Expand component #1

joel-bernstein · 2014-01-10T14:03:27Z

This issue introduces a new search component called the Expand component. The Expand component implements group expansion for a single page of results collapsed by the CollapsingQParserPlugin

I'll be working this ticket initially in my fork of the Heliosearch project in a branch called "expand".

https://github.com/joelbernstein2013/heliosearch

krantiparisa · 2014-01-10T16:17:40Z

for this component.

how costly it is in terms of Memory along with Grouping? Is it scalable with 100 groups and each group has 3 sub groups and each sub groups has 100 docs?

And run this on top of an index with 10M docs?

joel-bernstein · 2014-01-10T16:44:52Z

The expand component works with a single page of collapsed results. So if your page has 100 groups, with 3 sub groups, with 100 docs each, the component will have to work with 30,000 documents.

Not an overwhelming number but not a small number.

The 10 million document set will be collapsed by the CollapsingQParserPlugin. How many distinct top level groups are in the index? It sounds like there might be around 33,333 distinct top level groups if each top level group has 300 docs in it. The CollapsingQParserPlugin will eat that for lunch, very little memory used.

joel-bernstein · 2014-01-10T16:52:10Z

Kranti,

I'll be putting the initial implementation up later today or over the weekend. It doesn't cover sub-grouping yet. So if you want to work on that, that would be excellent. We can collaborate on how to add this to the code.

Joel

krantiparisa · 2014-01-10T16:57:21Z

How many distinct top level groups are in the index?

there could be 300,000 unique top level groups (entity ids) overall in the index (size: 5GB)
but considering the filters, queries - the available unique top level groups for a given request could be max. 20,000
out of the 20,000 top level groups, the page max could be 100.
each group could have 3 sub groups and each sub group might have 100 max docs

can you help me to roughly estimate the memory size and response time
does this have any possible cache hits to get faster responses?

krantiparisa · 2014-01-10T16:58:18Z

Sure, I can work with you on this. you might need to answer my stupid questions at times :)

joel-bernstein · 2014-01-10T17:44:16Z

The CollapsingQParserPlugin creates arrays based on the total number of unique values in the field. Rough esitimates for 300,000 unique terms in the field would be 3-5 MB of transient memory per query.

The expanding of groups I haven't measured yet. With such a large page, part of the issue will be retrieving the stored values for all those documents. This can be very expensive.

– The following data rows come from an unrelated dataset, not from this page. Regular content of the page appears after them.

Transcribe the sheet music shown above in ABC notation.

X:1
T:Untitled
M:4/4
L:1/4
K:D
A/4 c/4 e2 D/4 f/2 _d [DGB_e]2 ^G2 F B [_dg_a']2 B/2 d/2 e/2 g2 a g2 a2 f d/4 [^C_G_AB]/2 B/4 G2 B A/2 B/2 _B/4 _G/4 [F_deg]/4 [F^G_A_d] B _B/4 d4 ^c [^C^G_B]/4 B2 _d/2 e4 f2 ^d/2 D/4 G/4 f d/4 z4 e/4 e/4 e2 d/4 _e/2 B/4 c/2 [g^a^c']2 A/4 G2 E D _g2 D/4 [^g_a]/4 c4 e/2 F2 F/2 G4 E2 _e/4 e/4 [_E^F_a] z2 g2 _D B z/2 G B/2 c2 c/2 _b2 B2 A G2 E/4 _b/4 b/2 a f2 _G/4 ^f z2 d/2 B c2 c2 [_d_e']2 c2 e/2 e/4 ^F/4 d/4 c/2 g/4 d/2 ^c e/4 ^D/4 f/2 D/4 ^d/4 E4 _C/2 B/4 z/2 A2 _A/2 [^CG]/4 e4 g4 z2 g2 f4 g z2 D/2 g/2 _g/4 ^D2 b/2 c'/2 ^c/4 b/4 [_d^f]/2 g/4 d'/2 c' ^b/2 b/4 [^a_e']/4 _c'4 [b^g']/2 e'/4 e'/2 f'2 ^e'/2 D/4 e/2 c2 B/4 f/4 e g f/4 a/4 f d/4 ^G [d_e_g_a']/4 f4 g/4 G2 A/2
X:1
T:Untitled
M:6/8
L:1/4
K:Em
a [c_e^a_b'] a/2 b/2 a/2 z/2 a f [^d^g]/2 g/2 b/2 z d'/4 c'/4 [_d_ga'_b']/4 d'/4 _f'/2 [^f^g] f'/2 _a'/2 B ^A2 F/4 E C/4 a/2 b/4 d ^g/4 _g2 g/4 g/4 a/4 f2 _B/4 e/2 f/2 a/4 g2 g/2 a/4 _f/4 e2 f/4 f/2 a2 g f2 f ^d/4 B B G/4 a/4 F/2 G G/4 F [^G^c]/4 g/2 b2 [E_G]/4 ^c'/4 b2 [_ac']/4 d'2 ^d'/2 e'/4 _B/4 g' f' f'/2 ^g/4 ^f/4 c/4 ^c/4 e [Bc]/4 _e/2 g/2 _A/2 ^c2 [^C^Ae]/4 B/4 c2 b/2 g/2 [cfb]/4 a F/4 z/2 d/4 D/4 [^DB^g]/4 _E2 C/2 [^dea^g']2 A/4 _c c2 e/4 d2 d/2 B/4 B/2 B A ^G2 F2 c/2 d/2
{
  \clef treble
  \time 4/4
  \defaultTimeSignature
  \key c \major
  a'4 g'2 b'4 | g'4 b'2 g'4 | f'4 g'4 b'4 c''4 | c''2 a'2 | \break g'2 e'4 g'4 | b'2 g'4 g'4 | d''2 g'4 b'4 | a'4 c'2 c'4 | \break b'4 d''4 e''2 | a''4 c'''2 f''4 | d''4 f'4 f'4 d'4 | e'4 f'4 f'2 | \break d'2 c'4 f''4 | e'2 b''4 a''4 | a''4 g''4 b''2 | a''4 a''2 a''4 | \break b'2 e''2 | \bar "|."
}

krantiparisa · 2014-01-10T18:02:02Z

if we just need docIds at the docList level, means

group1=>1234567 (the value of the group field)
subgroup1=>catalog1 (the value of the sub group field)
docList=> list of doc ids
subgroup2=>catalog2 (the value of the sub group field)
docList=> list of doc ids
group2=>6764237 (the value of the group field)
subgroup1=>catalog1 (the value of the sub group field)
docList=> list of doc ids
subgroup2=>catalog2 (the value of the sub group field)
docList=> list of doc ids

if we get TopGroups like the above, then metadata can be based on what fields the user wants. I am trying find out the memory and response times for the above structure from the API call.

krantiparisa · 2014-01-11T07:22:50Z

Joel,

Is it possible to share the ExpandComponent on Saturday (11 Jan), I can spend good time on Sunday and try to get the Sub Groups. I want to also run few performance tests using traditional grouping and the new implementation for collapsing+expanding in the use cases I was describing above.

joel-bernstein · 2014-01-11T18:29:16Z

Just committed initial implementation of the ExpandComponent at my heliosearch clone in the expand branch:

https://github.com/joelbernstein2013/heliosearch/tree/expand

Initial patch compiles but has not been tested yet.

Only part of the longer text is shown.